Go To The Homepage


Learn the historic explanation behind the long standing superstition of bananas on boats.
By Capt. Joe Wenegenofsky
Tags: general, inshore, offshore

Superstitions and fishing are two things which have always gone hand in hand. When you consider the innumerable variables that often coincide with a day on the water and influence its outcome, this relationship isn’t at all surprising. On any given trip you could encounter issues with tackle failure, mechanical breakdowns, electronic malfunction, unstable or volatile weather, poorly applied tactics or techniques, physical hazards/injuries, etc. Likewise, a body of game fish or baitfish that have displayed a predictable pattern for a matter of days or weeks could suddenly and virtually inexplicably change behaviors and/or location. Yes, there is only so much predictability in the realm of fishing. Just when you think you have everything dialed in, you know the bite and have your vessel and gear in perfect functioning order, some random “x-factor” goes and compromises your best efforts. With so much inherent uncertainty surrounding a day at sea, many anglers will do whatever they can to avoid putting an inadvertent hex on a trip no matter how silly it may seem.

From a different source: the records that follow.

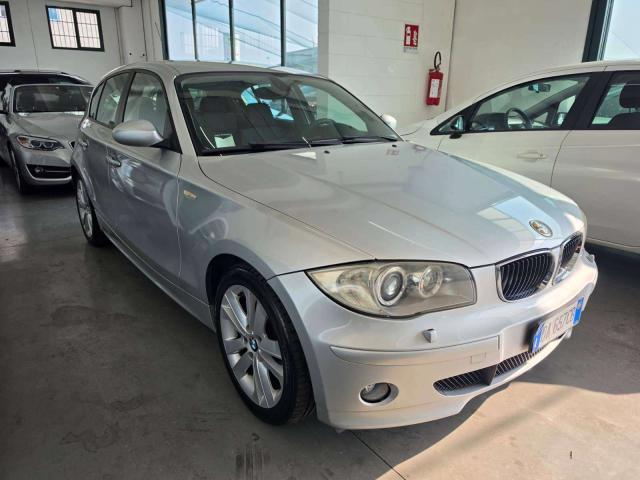 BMW 120 Serie 1 E87 2004 120d Attiva dpf
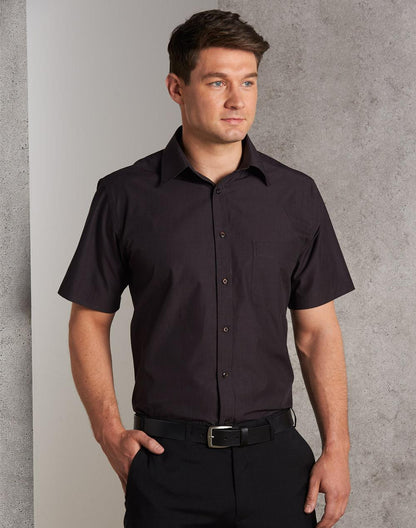 Mens Nano™ Tech Short Sleeve Shirt - M7001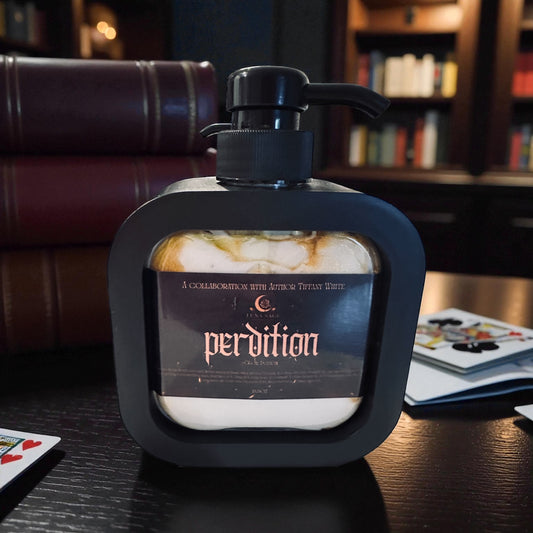 “Perdition” Glow Potion
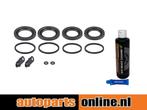 Remklauw revisie set Opel Astra J voorzijde, Verzenden, Nieuw, Opel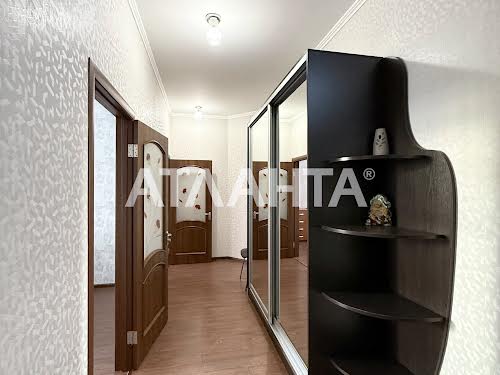 квартира за адресою Французький бульв., 22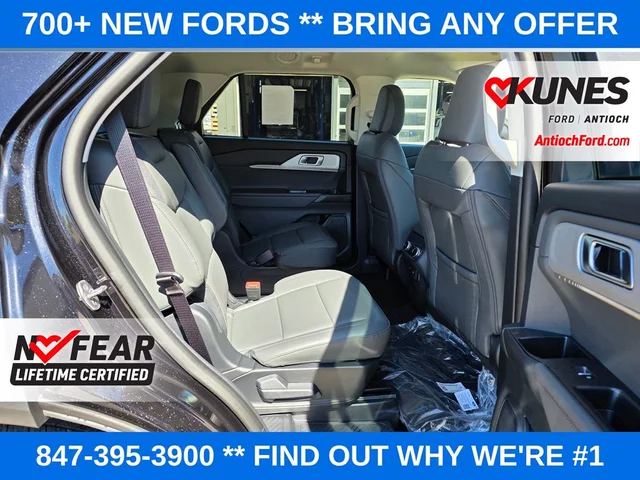 Nuevos FORD EXPLORER à Estados chez autogozo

Of all the fishing superstitions that exist, perhaps the best known and widely disputed is the one pertaining to bananas.
While some captains and anglers discard the notion of bananas being bad luck as nonsensical, those who take it seriously are usually pretty emphatic about their standpoint. On several occasions I’ve seen anti-banana signage posted on charter boats and even stickers bearing a big red X through this “voodoo” fruit. Still there have been plenty more instances where bananas have been forcibly ripped out of an angler’s hand or cooler and flung overboard. Even more bizarre, however, are incidents where something as simple as a tube of Banana Boat sunscreen or a banana nut muffin were discarded into the drink for fear of what calamity they could conjure.

If you’re left scratching your head as to how a seemingly innocent piece of fruit could come to be so maligned, you’re in for a bit of a history lesson. Back in the early days of shipping, it was common practice for merchant vessels to make a pit stop at some tropical destination and restock provisions prior to a long and arduous voyage. Oftentimes wooden crates of bananas would be brought aboard and carry with them a variety of unwanted stowaways such as venomous snakes, spiders and insects or even vermin bearing disease. Before the advent of modern medicine, motor powered vessels and medevacs, one could understand how the presence of any one of these things aboard a close-quartered vessel might be a recipe for disaster. If you scrutinize the Caribbean banana trade in particular, the possibility of encountering one of these toxic interlopers would go up exponentially and this hasn’t diminished in the modern era.

Speaking of the banana trade, back to the 18th and 19th century the only means of conveying this tropical fruit long distances was by ship. Given the rapid rate that bananas would tend to spoil, vessels transporting them had to sail quickly in order to preserve their cargo. Since moving at excessive speed isn’t conducive to trolling while underway, vessels traveling with a hold full of bananas became synonymous with poor fish catching abilities. A meager fish tally, however, wasn’t the only thing a hold laden with crates of bananas could be responsible for. Ripening bananas release copious amounts of ethylene gas which also hastens the ripening of whatever other fruits and vegetables they are stored with. In other words, a bad batch of bananas could theoretically spoil a ship’s entire food supply. Ethylene gas happens to be a natural anesthetic agent as well and could knock out a crewman in great enough quantities. Meanwhile, the methane gas produced by decomposing bananas, if left to accrue in a cargo hold, could actually asphyxiate those working below deck in some extreme cases.

Hitting particularly close to home with sport fishermen is a piece of Hawaiian mythology regarding bananas. According to the ancient islanders, bananas were deemed fruits of the gods and looked at as a delicacy. Therefore, a fisherman attempting to catch fish with bananas in the boat would be considered covetous. Such an act of marked greed would warrant no blessing from the gods and most likely render the fisherman fishless.

Regardless of how you look at it, the origins of the dreaded “banana curse” are pretty far removed from and irrelevant to the challenges and pitfalls facing recreational and commercial fishermen today. Unless an angler happens to be a history buff or dabble in nautical trivia, few are even aware of the aforementioned details described. The notion of bananas being a no-no on boats has just been so deeply ingrained within the seafaring community over numerous generations that it’s largely accepted without questioning. Having the facts in hand, however, are bananas really the “voodoo” fruit they’ve long been portrayed to be or merely a convenient scapegoat for a fisherman to place blame? To quote a good friend of mine and seasoned charter mate, Scott Ostarch, “Bananas are just an excuse for guys who can’t find the fish or can’t catch them.” So firm is he in this belief that he’ll often conceal bananas on the boat and whip them out while cutting fish after a successful trip. The startled and hilarious reactions of Scott’s customers almost always morph into resounding laughter but I wouldn’t try this on just any boat. Depending upon who you sail with and how superstitious they are, such a stunt might just get you thrown overboard along with your banana.